▶ Exercise description:
An exact copy of every entry is needed, with the images left out.

▶ Brief descriptive captions:

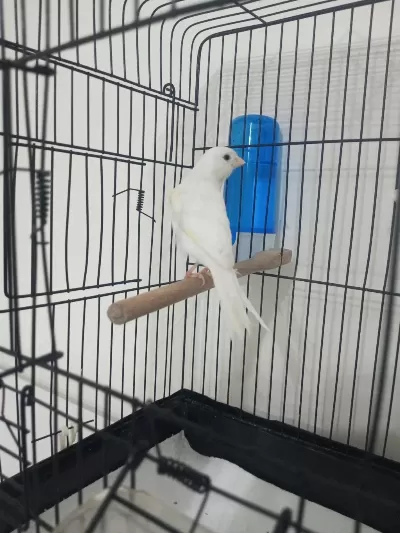 Harika Nameli Öten Kanarya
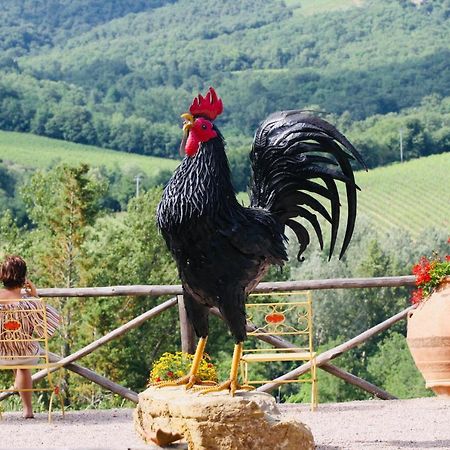 Agriturismo Borgo Il Bonagino ราดดา อิน เคียนติ ภายนอก รูปภาพ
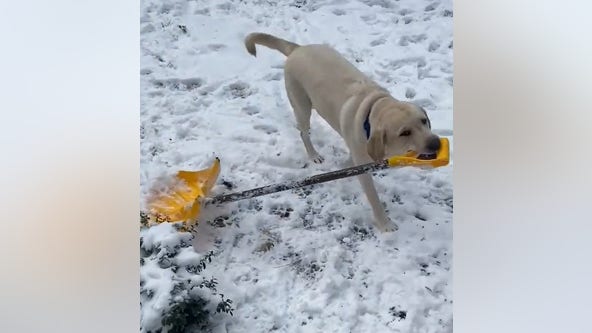 North Carolina dog ‘shovels snow’ after winter storm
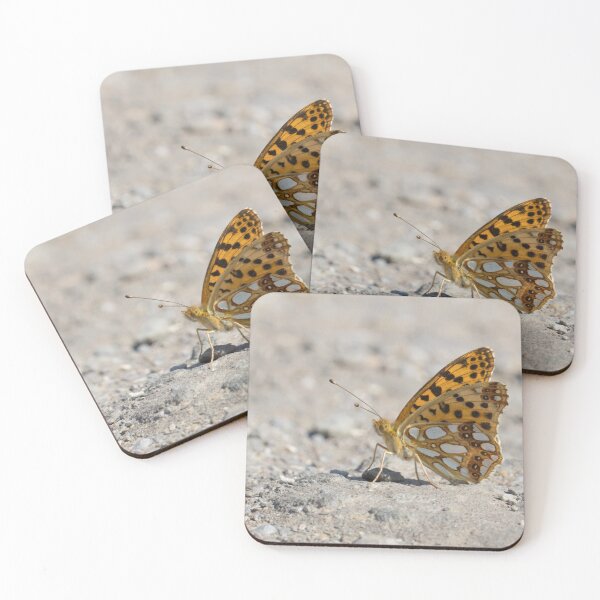 Item preview, Queen of Spain Fritillary designed and sold by LaurenTucker.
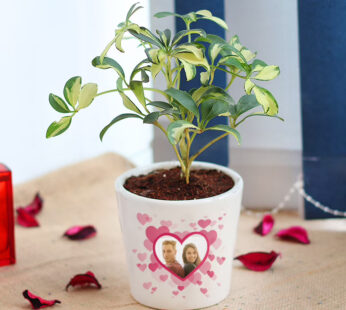 Personalized Photo Schefflera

▶ Answer area:
 Harika Nameli Öten Kanarya
 Agriturismo Borgo Il Bonagino ราดดา อิน เคียนติ ภายนอก รูปภาพ
 North Carolina dog ‘shovels snow’ after winter storm
 Item preview, Queen of Spain Fritillary designed and sold by LaurenTucker.
 Personalized Photo Schefflera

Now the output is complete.